- **Your instructions**
Word for word, transcribe the material below from its first line to the line with "Certified 2025 Volkswagen Taos SE image 7", both included.

- **Entries supplied**
---
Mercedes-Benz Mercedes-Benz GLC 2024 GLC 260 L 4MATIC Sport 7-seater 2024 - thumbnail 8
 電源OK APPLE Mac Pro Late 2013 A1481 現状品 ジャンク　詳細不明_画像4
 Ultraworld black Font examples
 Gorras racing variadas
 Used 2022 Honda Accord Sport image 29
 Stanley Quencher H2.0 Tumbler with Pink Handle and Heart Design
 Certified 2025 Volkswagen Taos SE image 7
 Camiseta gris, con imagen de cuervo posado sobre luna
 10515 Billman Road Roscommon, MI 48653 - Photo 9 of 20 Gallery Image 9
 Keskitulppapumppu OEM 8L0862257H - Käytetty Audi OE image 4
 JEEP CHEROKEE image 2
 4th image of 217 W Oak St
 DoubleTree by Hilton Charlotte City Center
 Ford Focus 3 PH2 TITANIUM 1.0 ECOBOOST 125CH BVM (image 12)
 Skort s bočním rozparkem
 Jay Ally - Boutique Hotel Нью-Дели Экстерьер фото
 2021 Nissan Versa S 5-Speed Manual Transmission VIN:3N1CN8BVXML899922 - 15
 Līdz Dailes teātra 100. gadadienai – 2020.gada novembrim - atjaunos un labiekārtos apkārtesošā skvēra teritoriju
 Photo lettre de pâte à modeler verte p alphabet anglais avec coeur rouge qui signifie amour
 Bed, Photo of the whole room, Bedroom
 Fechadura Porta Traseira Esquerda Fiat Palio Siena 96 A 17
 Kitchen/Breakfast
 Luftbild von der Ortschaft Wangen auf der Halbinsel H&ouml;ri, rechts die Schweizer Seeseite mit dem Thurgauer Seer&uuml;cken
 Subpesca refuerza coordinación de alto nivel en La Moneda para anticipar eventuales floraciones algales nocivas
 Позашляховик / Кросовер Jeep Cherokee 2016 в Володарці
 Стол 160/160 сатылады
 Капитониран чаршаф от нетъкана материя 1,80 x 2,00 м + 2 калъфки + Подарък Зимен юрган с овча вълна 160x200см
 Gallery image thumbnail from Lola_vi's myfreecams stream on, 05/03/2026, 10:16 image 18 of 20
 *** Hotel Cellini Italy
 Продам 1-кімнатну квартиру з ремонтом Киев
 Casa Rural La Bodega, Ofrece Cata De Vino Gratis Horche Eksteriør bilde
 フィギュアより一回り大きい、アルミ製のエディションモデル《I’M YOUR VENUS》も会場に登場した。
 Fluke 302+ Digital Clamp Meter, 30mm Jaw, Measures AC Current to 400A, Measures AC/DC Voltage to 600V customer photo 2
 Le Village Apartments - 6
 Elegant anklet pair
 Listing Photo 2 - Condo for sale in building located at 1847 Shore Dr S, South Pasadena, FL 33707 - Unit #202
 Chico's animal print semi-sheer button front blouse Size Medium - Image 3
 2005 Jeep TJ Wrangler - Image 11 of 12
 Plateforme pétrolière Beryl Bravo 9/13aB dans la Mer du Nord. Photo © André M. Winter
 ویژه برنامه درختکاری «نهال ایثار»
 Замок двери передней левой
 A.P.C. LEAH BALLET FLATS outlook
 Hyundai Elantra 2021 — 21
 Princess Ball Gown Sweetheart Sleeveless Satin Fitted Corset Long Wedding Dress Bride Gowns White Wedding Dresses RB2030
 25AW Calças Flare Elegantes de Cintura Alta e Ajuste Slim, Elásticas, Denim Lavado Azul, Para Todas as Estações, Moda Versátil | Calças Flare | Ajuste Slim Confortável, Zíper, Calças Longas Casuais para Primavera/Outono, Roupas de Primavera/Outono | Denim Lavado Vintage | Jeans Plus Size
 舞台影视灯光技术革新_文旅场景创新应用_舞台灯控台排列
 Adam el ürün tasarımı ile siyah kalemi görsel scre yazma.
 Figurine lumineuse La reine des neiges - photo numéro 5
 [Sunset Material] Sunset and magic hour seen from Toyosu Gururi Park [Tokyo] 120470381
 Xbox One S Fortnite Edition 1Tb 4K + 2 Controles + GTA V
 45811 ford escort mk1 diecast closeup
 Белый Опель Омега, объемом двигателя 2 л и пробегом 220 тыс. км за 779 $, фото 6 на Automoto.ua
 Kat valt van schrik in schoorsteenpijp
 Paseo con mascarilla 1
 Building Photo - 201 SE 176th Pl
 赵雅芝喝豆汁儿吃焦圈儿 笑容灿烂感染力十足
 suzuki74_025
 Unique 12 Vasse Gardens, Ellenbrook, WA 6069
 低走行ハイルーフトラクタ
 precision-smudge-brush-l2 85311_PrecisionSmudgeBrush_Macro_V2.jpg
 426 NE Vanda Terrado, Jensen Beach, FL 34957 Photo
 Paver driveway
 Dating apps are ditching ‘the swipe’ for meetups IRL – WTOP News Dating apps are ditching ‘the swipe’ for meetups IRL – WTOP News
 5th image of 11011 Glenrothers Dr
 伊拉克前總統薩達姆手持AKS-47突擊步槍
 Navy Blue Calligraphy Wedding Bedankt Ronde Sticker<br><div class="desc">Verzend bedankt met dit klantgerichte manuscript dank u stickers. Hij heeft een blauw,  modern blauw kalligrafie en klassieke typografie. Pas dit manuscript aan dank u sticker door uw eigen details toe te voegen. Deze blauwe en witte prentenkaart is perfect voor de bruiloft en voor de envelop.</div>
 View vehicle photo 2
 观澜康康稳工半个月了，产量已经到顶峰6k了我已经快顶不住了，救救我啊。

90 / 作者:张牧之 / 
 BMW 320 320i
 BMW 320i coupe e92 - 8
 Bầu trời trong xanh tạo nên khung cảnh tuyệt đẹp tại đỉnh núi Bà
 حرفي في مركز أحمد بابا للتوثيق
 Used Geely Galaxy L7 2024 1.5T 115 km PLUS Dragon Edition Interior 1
---
- **Response**
Mercedes-Benz Mercedes-Benz GLC 2024 GLC 260 L 4MATIC Sport 7-seater 2024 - thumbnail 8
 電源OK APPLE Mac Pro Late 2013 A1481 現状品 ジャンク　詳細不明_画像4
 Ultraworld black Font examples
 Gorras racing variadas
 Used 2022 Honda Accord Sport image 29
 Stanley Quencher H2.0 Tumbler with Pink Handle and Heart Design
 Certified 2025 Volkswagen Taos SE image 7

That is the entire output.